To embrace science is to realize radiation is not the stuff of 1950s b-movies. That while natural disaster-induced nuclear events such as Fukushima are absolutely devastating to displaced local populations, claiming that people or fish/wildlife will be greatly affected by any resulting radiation/contamination is irresponsible. Scientists, real scientists, have looked at the impact of the releases from Fukushima on health and future cancer rates and found them to be negligible. That’s science. Anything else drifts into the realm of “alternative facts.” And who wants to go there?

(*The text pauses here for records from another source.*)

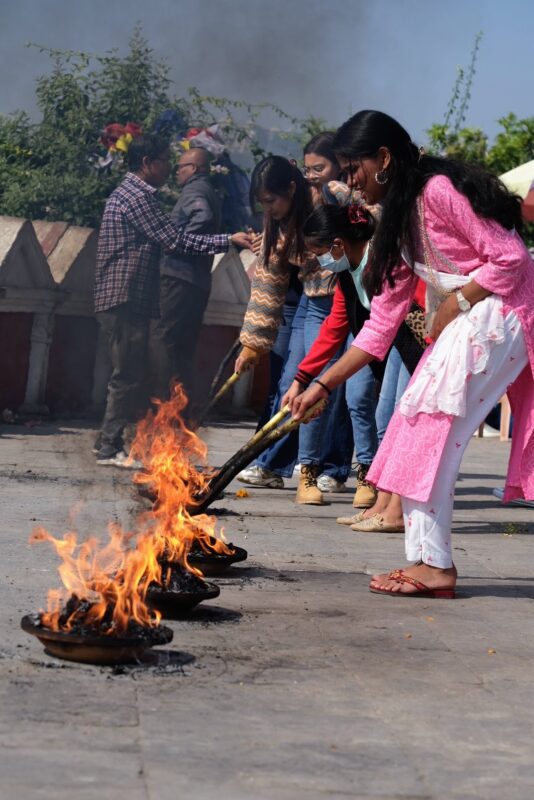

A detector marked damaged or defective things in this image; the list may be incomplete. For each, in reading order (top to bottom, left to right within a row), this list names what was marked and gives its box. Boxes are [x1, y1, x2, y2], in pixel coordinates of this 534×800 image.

burnt offering [188, 536, 249, 576]
burnt offering [147, 564, 220, 620]
burnt offering [22, 608, 173, 664]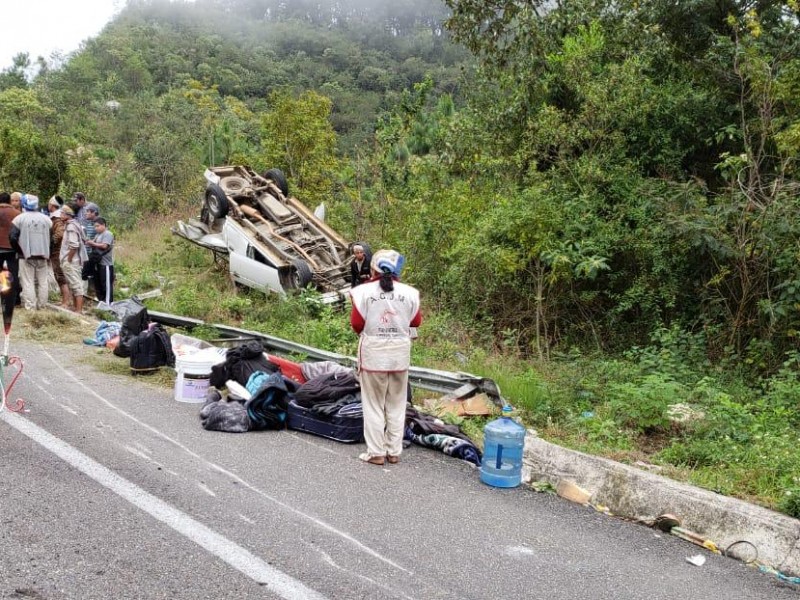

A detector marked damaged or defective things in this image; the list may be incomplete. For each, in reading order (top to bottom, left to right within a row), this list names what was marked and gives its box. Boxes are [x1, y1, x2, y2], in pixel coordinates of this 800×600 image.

overturned vehicle [177, 165, 360, 302]
damaged guardrail [147, 310, 504, 404]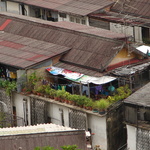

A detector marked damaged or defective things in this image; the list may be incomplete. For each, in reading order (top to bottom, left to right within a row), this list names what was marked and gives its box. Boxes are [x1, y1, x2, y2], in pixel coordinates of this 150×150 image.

rusty metal roof [111, 0, 150, 19]
rusty metal roof [0, 32, 70, 69]
rusty metal roof [0, 12, 125, 71]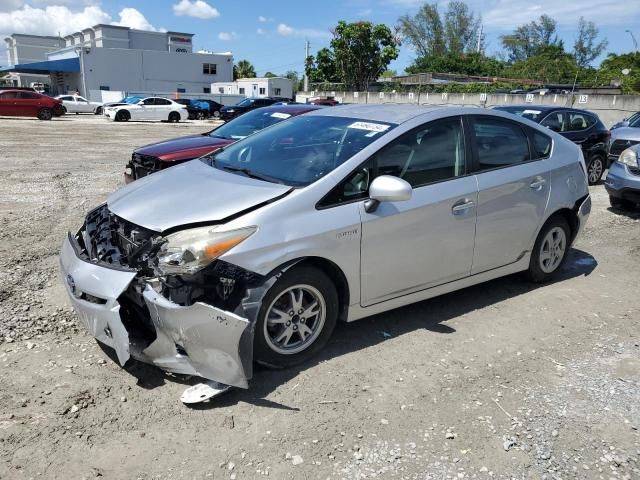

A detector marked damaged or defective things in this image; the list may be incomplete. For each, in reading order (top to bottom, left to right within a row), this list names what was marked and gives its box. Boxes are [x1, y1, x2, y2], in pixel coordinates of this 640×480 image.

crumpled front bumper [57, 234, 252, 388]
cracked bumper [58, 233, 252, 390]
broken headlight assembly [156, 225, 256, 274]
damaged toyota prius [60, 106, 592, 398]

Ideology is what drives false narratives about “easily” replacing baseload, or full-time, energy resources with intermittent ones. See an example here of how difficult it can be, even on a small scale. (Paywall alert). Don’t be mistaken, we need wind and solar as part of our electricity mix, especially to displace carbon-emitting resources. But using wind and solar to replace either hydro or nuclear makes zero sense in the age of climate change.
While storage technologies are promising, they aren’t efficient enough or economic enough to replace large hydro or large nuclear or large fossil resources. In 20, 30 or 40 years, perhaps. But groups like Washington Physicians for Social Responsibility want to close down nuclear plants yesterday. That’s irresponsible. Tesla cars are fun to talk about, but the world still runs on pick-up trucks and Camrys.

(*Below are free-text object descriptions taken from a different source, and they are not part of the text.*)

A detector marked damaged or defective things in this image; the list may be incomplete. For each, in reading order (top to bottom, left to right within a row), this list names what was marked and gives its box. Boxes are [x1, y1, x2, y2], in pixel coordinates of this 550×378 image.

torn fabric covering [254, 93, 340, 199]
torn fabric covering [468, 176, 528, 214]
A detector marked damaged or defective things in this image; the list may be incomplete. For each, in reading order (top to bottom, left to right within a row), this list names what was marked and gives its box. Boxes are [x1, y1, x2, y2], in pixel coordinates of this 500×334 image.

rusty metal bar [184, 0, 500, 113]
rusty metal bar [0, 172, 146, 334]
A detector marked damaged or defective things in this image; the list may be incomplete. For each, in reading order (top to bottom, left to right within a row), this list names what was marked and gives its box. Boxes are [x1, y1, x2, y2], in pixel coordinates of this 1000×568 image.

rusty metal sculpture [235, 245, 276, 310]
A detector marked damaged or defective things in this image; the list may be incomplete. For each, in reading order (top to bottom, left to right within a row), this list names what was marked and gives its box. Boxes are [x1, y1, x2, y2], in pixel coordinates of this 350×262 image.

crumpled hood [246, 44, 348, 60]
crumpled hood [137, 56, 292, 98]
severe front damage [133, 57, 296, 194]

Mr. Sawyer continues his letter, “What’s almost as horrifying as these impending and looming realities is our government’s incomprehensible indifference to the problem and the seeming commitment and desire to accelerate a problem that the human imagination cannot even begin to come to grips with.”
Doctor, heal thyself.
The PSR position on nuclear energy was born of, and lives in, a pre-climate change universe. Since the time most anti-nuclear energy positions were formed in the 1970s and 80s, nuclear energy has only gotten better as an energy resource. The U.S. fleet now has annual capacity factors over 92 percent. It’s safety record continues to be unmatched. Which may be one reason anti-nuclear energy arguments focus almost exclusively on cost of power. But if you believe, as Mr. Sawyer and his colleagues believe, that climate change is “the greatest challenge facing humanity today,” shouldn’t that change the prism through which costs are viewed? How does the public health factor into PSR’s cost analyses? (Hint: it doesn’t for nuclear. Washington’s PSR chapter actually posted that link on their Facebook page, missing the irony). Cost for anti-nuclear groups is a convenient cudgel that only swings at one target, an opportunity brought about by (current) low natural gas prices. But then they don’t want natural gas either. That’s what ideology does for you.
Science… just the facts
While we still await an energy storage system capable of city-scale baseload equivalence; or a large-scale electric grid that can turn part-time energy resources into full-time, dispatchable resources; science has already developed a resource that is carbon-free, cost-effective and runs more than 90 percent of the time with an abundant supply of fuel.
Yeah, science did that.
Support science with your feet, but more importantly, support it with your brain and your heart.